Epi Products, manufacturers of EpiSmile, filed for Chapter 11 bankruptcy last August. (A Times reporter has been unable to reach the firm because its telephone had been disconnected and no new number has been listed.) EpiSmile, however, is still sold in stores.

Gary Schlatter, president of Amazing White, which has been on the market for about a year, says his firm is awaiting a response from the FDA: “It was certainly a surprise to have them change the status (to a drug). Carbamide peroxide has been used safely orally for 10 to 20 years.”

Dr. Robert Ibsen, a Santa Maria dentist who is president of Den-Mat, says his company has funded research at several universities on its Rembrandt whitening system, which contains peroxide but not acid.

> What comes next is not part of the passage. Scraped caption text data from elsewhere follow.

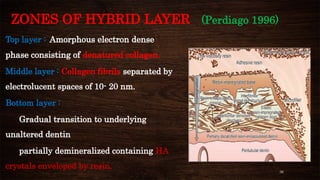 36
ZONES OF HYBRID LAYER (Perdiago 1996)
Top layer : Amorphous electron dense
phase consisting of denatured collagen.
Middle layer : Collagen fibrils separated by
electrolucent spaces of 10- 20 nm.
Bottom layer :
Gradual transition to underlying
unaltered dentin
partially demineralized containing HA
crystals enveloped by resin.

The studies show, he says, that the product whitens teeth but doesn’t compromise tooth structure.

Ibsen says the Rembrandt system is available only from dentists, not over-the-counter, because he believes the bleaching systems should not be dispensed without dental supervision. “It should be a service offered by a dentist, who examines the patients, and can tell them exactly what to expect and what not to expect,” he says.

“The tragedy is, the impression people get is why spend money with a dentist when you can go down to the drugstore and get the same thing. But you’re not buying the same thing for $30 that you’re buying from the dentist, who supervises it.”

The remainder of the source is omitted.